The capacity crunch is a product of the number of applications for new connections, coupled with the size and scale of some of these connections.

Grid supply points (GSPs) are the interface between the transmission network and the distribution network. Constraints in the distribution network mean that, increasingly, connecting distribution customers are finding that their connection offers interface with these grid supply points and could trigger upgrades to the wider transmission network. At a recent stakeholder forum, one DNO reported that 35 of its 59 GSPs have a transmission constraint, yet demand continues to grow.

While electrical appliances are becoming increasingly efficient, we use more of them in modern life, which means more power is required. The latest Digest of UK Energy Statistics (DUKES) reported that the UK used 316.8TWh of electricity in 2023, and the UK’s last Climate Change Committee report forecast this usage to increase to between 550TWh and 680TWh by 2050, depending on the route to net zero.

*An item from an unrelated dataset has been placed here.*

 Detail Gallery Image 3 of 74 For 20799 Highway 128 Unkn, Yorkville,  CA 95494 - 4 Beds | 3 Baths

Additionally, the UK’s low carbon ambitions have encouraged an all-electric revolution which takes advantage of the lower carbon emissions from an electrical grid powered by large-scale solar and wind energy. This electrification is changing how we heat and power our buildings and how we power our travel. For example, traditional gas-fired boilers are being replaced by heat pumps, and electric car charging points have become a requirement of new residential developments. This all puts more demand on the electricity network.

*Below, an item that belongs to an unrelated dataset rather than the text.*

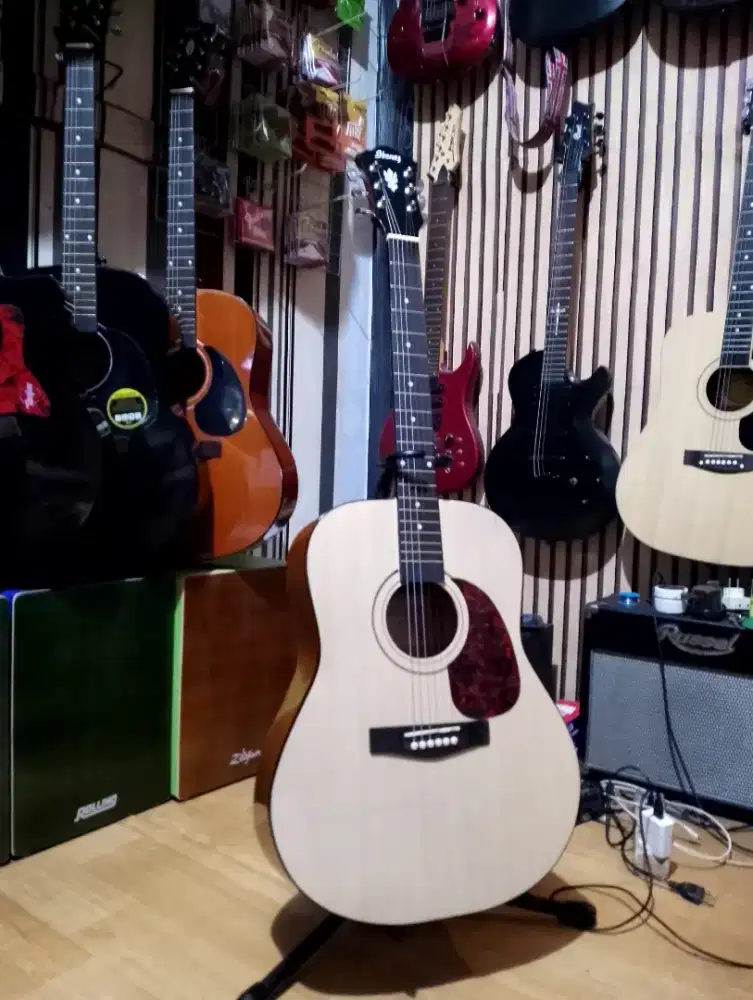 Gitar akustik tanam besi jumbo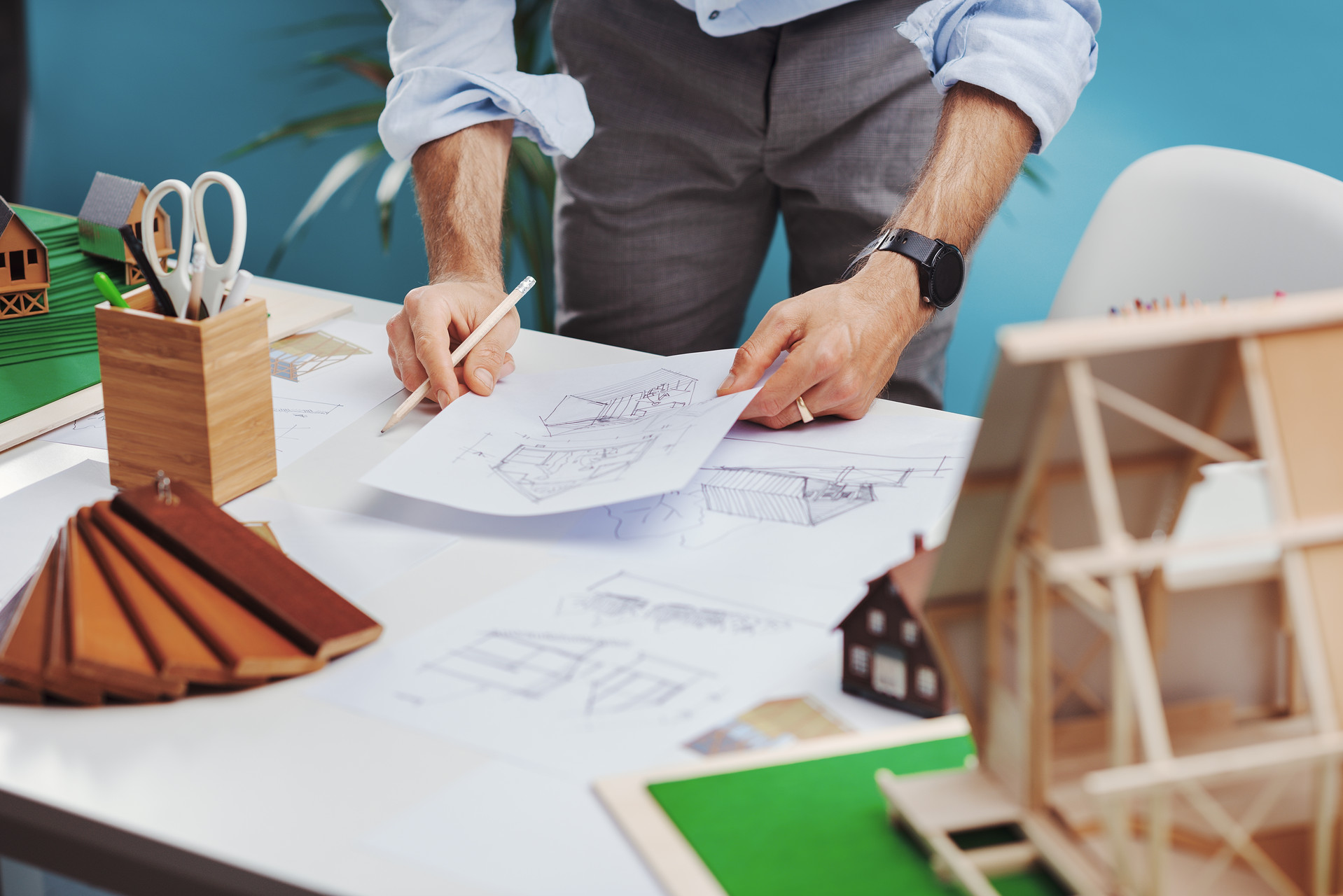 Ein junger Architekt entwirft ein Konzept für neue Lösungen für nachhaltige Architektur.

This organic increase in the demand for power has occurred before we even begin to consider growth in energy-hungry sectors such as data centres or life sciences. The presence of data centres in the UK is rapidly expanding to support the digital age, and their power requirement can be as much as 20 times that of a London tower, or the equivalent to a small town.

The tendency of these high-energy users to cluster together in science parks can compound the issue by focusing demand on a single location; the city of Cambridge and south Cambridgeshire consume approximately 1.49TWh of energy every year, and the region’s demand is expected to triple during the next decade.

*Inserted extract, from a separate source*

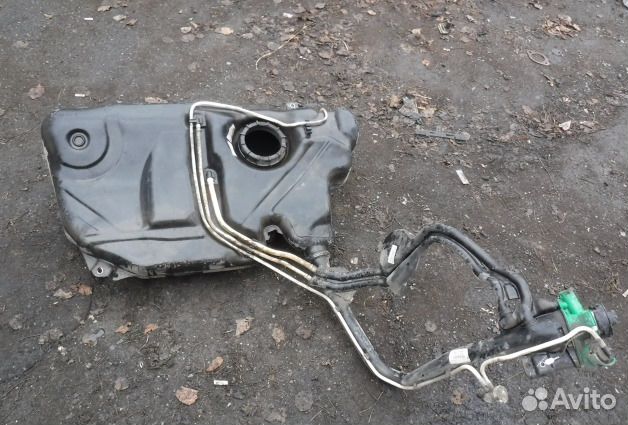 Бензобак Skoda Fabia 2 (Шкода Фабия 2)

Renewables: friend or foe?

Renewable energy is key to unlocking the UK’s energy supply problem, but it plays its own part in the capacity crunch. The previous government, in its energy white paper (December 2020) and net zero strategy (October 2021), announced ambitions for a “low-cost, net zero consistent electricity system [that is] most likely to be composed predominantly of wind and solar”.

This creates a logistical problem for the transmission network, which needs to reconfigure the infrastructure away from centralised coal-fired plants (which follow the coal seam along the spine of the UK) to a more diffused network of renewable power generation.

Subject to scale, some of the new on-shore solar farms could be connected directly to the distribution network, but they may require a significant amount of reinforcement and that could include new substations, pylons, overhead and below-ground cables.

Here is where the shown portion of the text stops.